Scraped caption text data
╭──
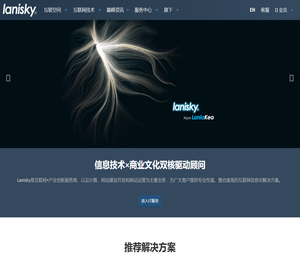 Lanisky官网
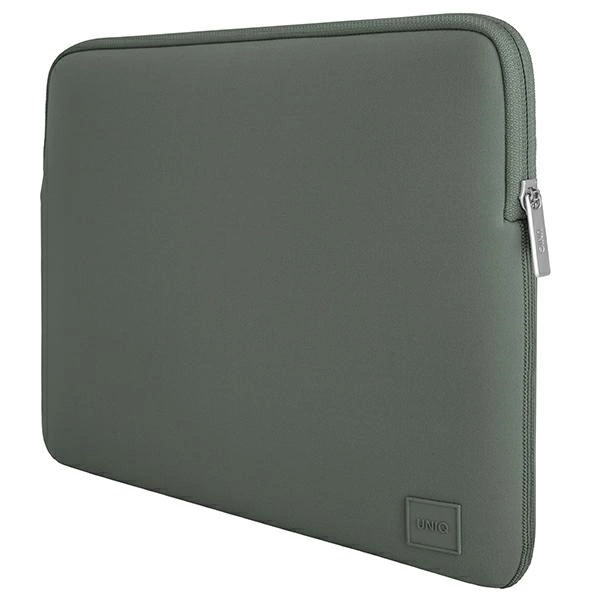 Uniq Cyprus case for a 14" laptop - green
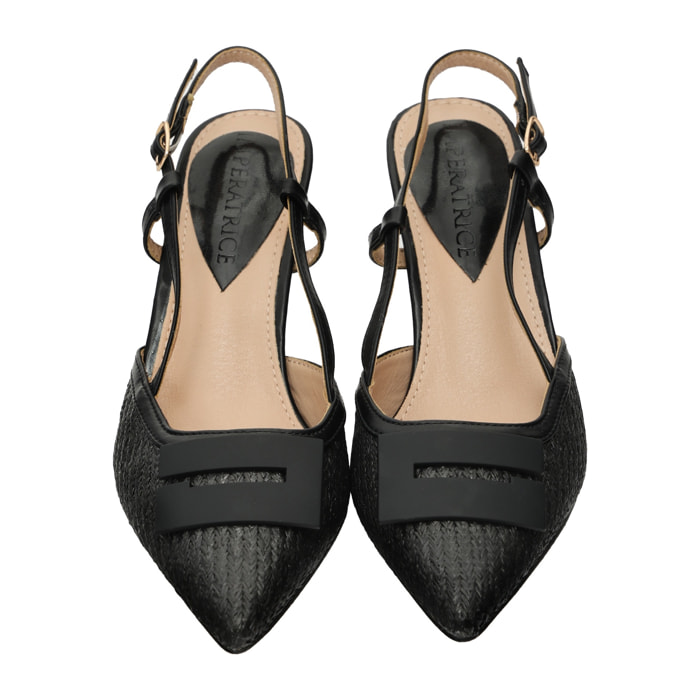 Decolletè - tacco 8,5 cm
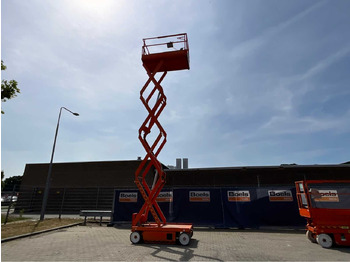 Plataforma elevadora SKYJACK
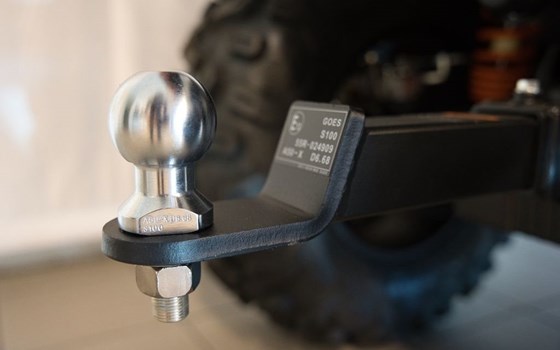 Neufahrzeug Goes TERROX 1000 Touring Pro ABS - Bild 20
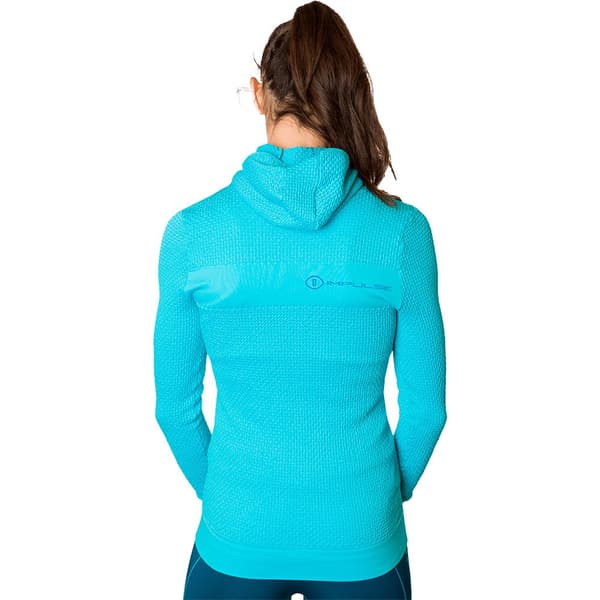 Trangoworld Limone Sweatshirt Blå L Kvinde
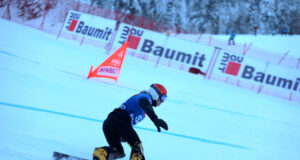 Тервел Замфиров спечели титлата в паралелния гигантски слалом по сноуборд на Универсиадата в Италия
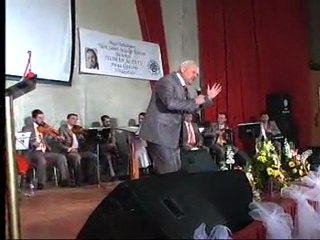 Ali Türe & Biga TSM Korosu Performansı: Bestekar Teoman Alpay'ı Anma Gecesi 🎶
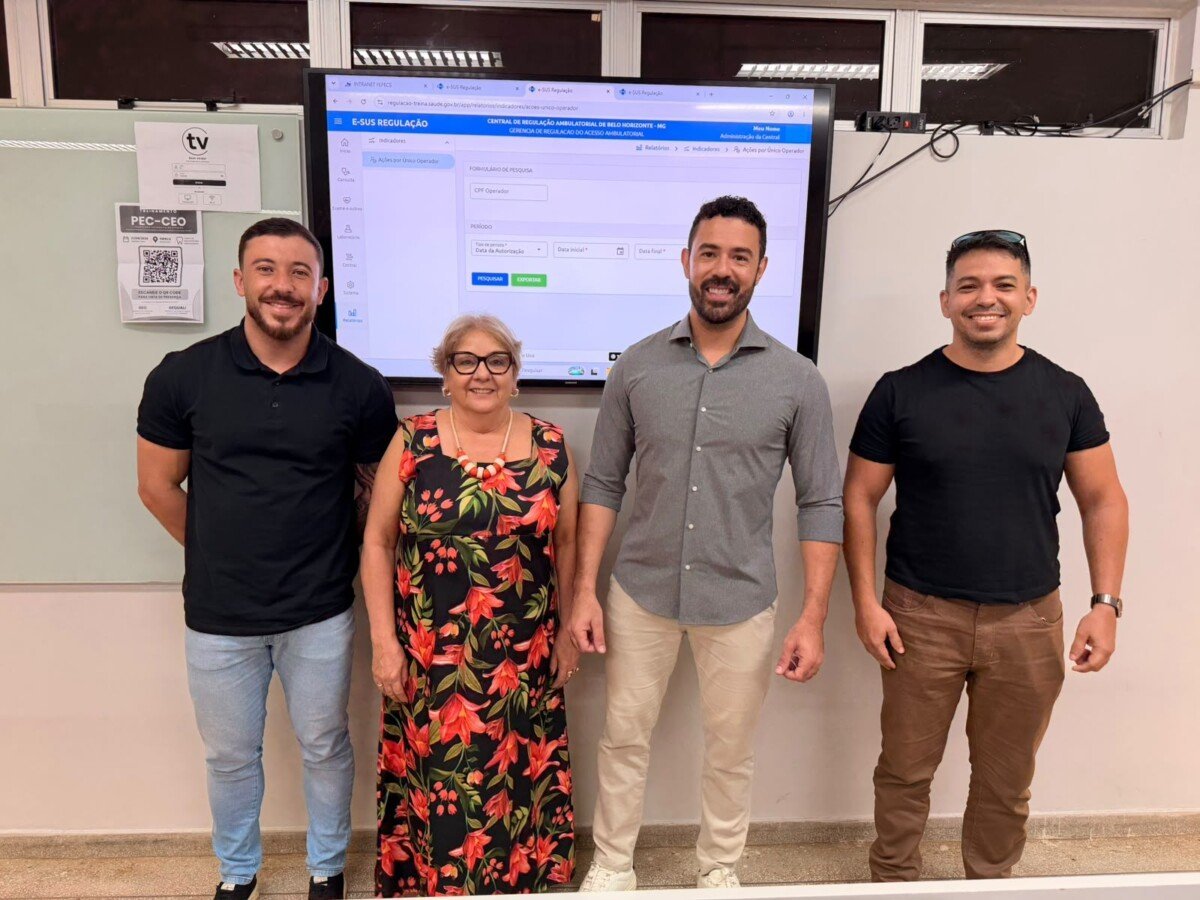 Casimiro de Abreu participa de capacitação para organizar consultas e exames pelo e-SUS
╰──
:: Assignment ::
Return each record as written, minus its images.

:: Your solution ::
 Lanisky官网
 Uniq Cyprus case for a 14" laptop - green
 Decolletè - tacco 8,5 cm
 Plataforma elevadora SKYJACK
 Neufahrzeug Goes TERROX 1000 Touring Pro ABS - Bild 20
 Trangoworld Limone Sweatshirt Blå L Kvinde
 Тервел Замфиров спечели титлата в паралелния гигантски слалом по сноуборд на Универсиадата в Италия
 Ali Türe & Biga TSM Korosu Performansı: Bestekar Teoman Alpay'ı Anma Gecesi 🎶
 Casimiro de Abreu participa de capacitação para organizar consultas e exames pelo e-SUS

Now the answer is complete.